The HEARTS training program

  • 16-hour SCT workshops for students
  • 8-hour SCT workshops for university staff
  • 8-hour SCT workshops for mixed groups of students and staff

 

All paths share the objective of active, experiential learning of key elements and strategies to foster individual and collective well-being through Social and Community Theatre and role-playing.

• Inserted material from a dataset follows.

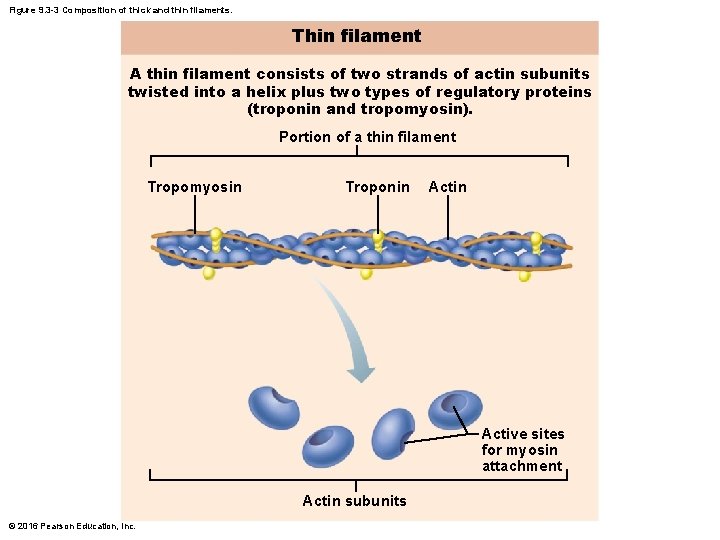 Figure 9. 3 -3 Composition of thick and thin filaments. Thin filament A thin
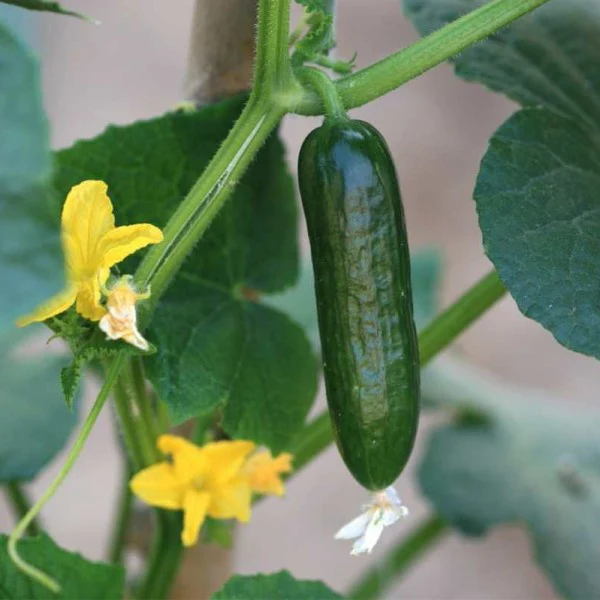 Cucumber Plant - Image 2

Through HEARTS workshops, we aim to develop skills in promoting well-being and self-care in the following areas:

  • Growth mindset: considering challenging situations not as fixed, unchangeable conditions over which individuals have no control, but rather as temporary states (alternating with periods of calm) that can be influenced. This involves: self-awareness; structured problem-solving strategies with specific goals and steps; seeking support from significant others or professionals; identifying and exploring well-being practices based on WHO guidelines and shared experiences; creating a personalized help-seeking map through role-playing; and developing strategies for maintaining relationships and resolving conflicts;
  • Identifying and exploring well-being practices based on WHO guidelines, integrating them with the content that will emerge and be shared by participants;
  • Help-seeking map: collective and individual construction, through role-playing exercises, of a map of emotional and professional support networks to refer to in times of need;
  • Strategies for relationship building and conflict resolution.